### [Action item]
Beginning with the line containing "When you drill" and ending with the line containing "TOPS IQ Overview", write out each line of the records below exactly; pictures and lines outside that range are left out.

[Stored data entries]

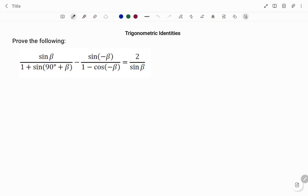Hi everyone, this is your math guru. In this video I'm going to show you how to prove the following trigonometric identities. Please don't forget to click on the like and subscribe button below for more easy-to-understand math concepts. Always note that when you're asked to prove a trigonometric identity, you prove from the most complex side. In the example given, we have the left-hand side and the right-hand side. The left-hand side is the most complex, so I'm going to be proving from the left-hand side.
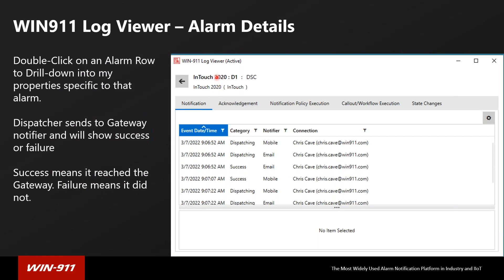When you drill into an alarm, you can see the notifications that got sent out. This is useful for troubleshooting whether your notifications are actually sending. WIN911 uses the dispatcher service to formulate the message and dispatch it, and it will tell you whether it failed or succeeded. For example, if this was mobile dispatching and it tells me it was successful, but the user is not receiving the mobile notification on their phone, we can isolate it — we know we sent the message to Microsoft, but something isn't making it to the user's phone, which usually means I need to troubleshoot something on the user's phone itself.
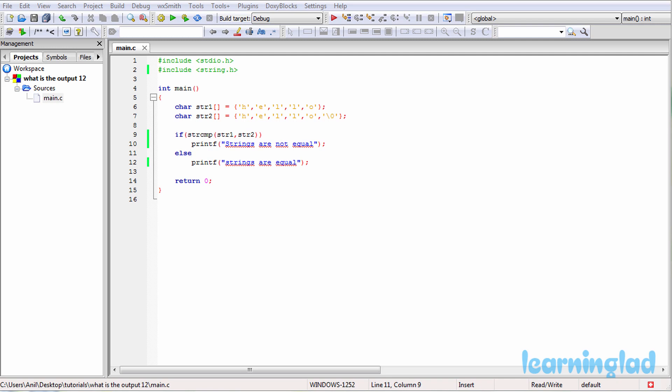Hi, this is Sanil from Learning Lad Education, and welcome to the 'What is the Output' video series on C programming language. Here we are going to give you a C program and ask you to guess the output, then explain it. All you need to do is pause the video, take a look at the source code in the editor, guess the output, and then click play.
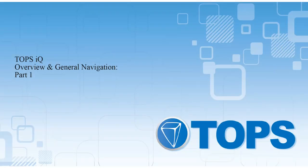TOPS IQ Overview and General Navigation Part 1. TOPS IQ is the next generation community association management solution from TOPS. TOPS IQ combines the comprehensive management, accounting, and automation features found in TOPS Professional and leverages the benefits of the cloud or hosted data.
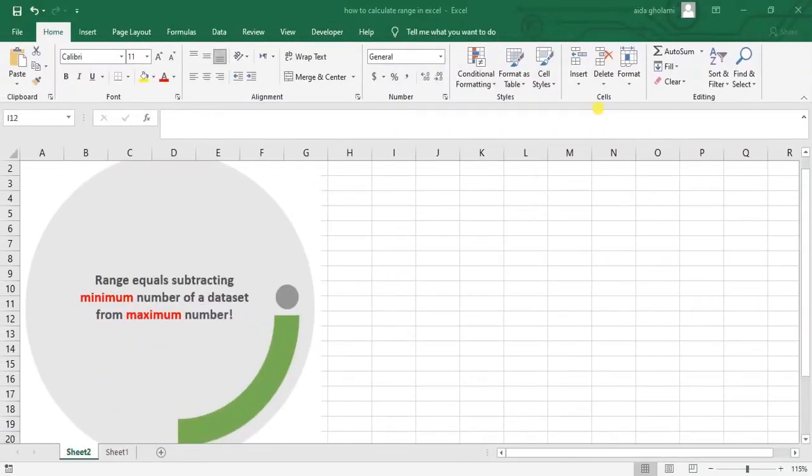Hello everyone, this is Aida Kolomi from AgriMets of Research Company and here we have a super simple and easy tutorial for you.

### [Solution below]
When you drill into an alarm, you can see the notifications that got sent out. This is useful for troubleshooting whether your notifications are actually sending. WIN911 uses the dispatcher service to formulate the message and dispatch it, and it will tell you whether it failed or succeeded. For example, if this was mobile dispatching and it tells me it was successful, but the user is not receiving the mobile notification on their phone, we can isolate it — we know we sent the message to Microsoft, but something isn't making it to the user's phone, which usually means I need to troubleshoot something on the user's phone itself.
Hi, this is Sanil from Learning Lad Education, and welcome to the 'What is the Output' video series on C programming language. Here we are going to give you a C program and ask you to guess the output, then explain it. All you need to do is pause the video, take a look at the source code in the editor, guess the output, and then click play.
TOPS IQ Overview and General Navigation Part 1. TOPS IQ is the next generation community association management solution from TOPS. TOPS IQ combines the comprehensive management, accounting, and automation features found in TOPS Professional and leverages the benefits of the cloud or hosted data.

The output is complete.